__TASK INSTRUCTIONS__
In the listing below, find the line containing "审计署进驻国家电网：挖掘节能降耗潜力" and the line containing "It's not a road". Repeat exactly those two lines and every line between them, nothing more.

__SUPPLIED MATERIAL__
──────────
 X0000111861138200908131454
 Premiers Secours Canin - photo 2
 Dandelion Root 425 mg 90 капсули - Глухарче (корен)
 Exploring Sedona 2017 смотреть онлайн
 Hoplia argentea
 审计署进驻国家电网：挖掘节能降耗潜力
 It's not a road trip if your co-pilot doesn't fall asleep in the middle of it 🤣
──────────
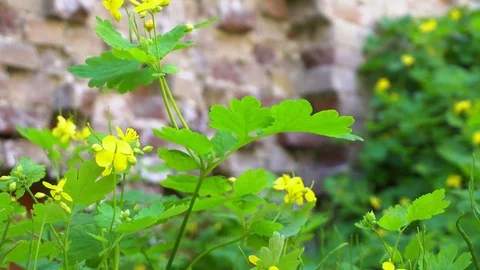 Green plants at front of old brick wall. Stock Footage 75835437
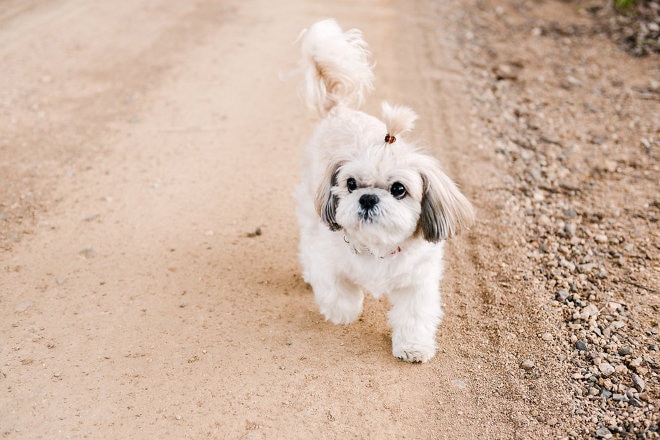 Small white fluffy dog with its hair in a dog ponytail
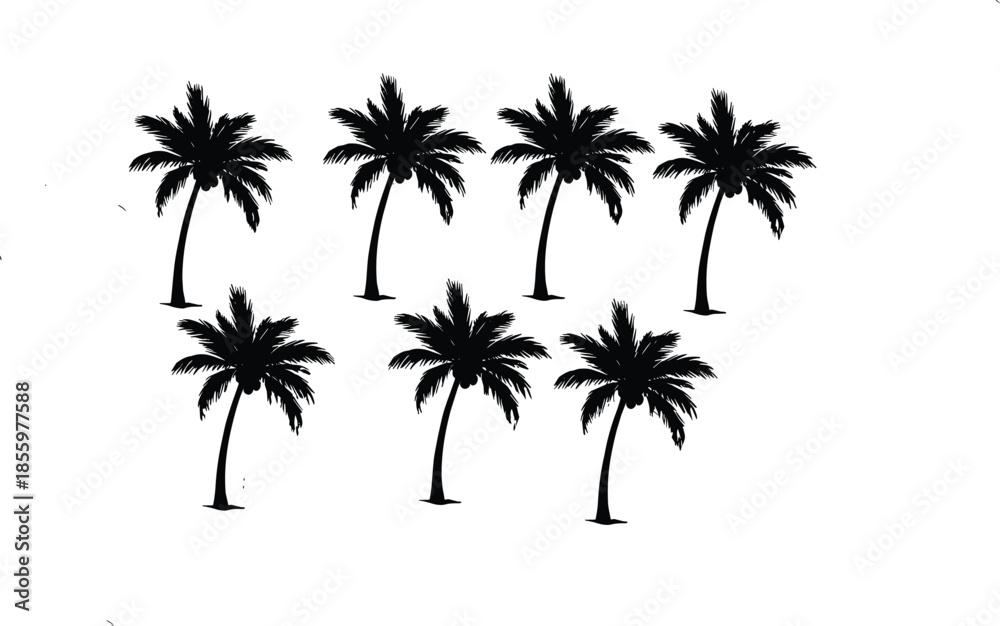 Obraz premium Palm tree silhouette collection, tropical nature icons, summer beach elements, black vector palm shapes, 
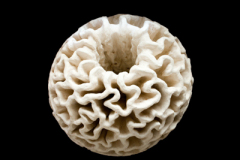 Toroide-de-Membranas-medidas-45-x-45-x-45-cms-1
──────────
__ANSWER TO THE EXERCISE__
 审计署进驻国家电网：挖掘节能降耗潜力
 It's not a road trip if your co-pilot doesn't fall asleep in the middle of it 🤣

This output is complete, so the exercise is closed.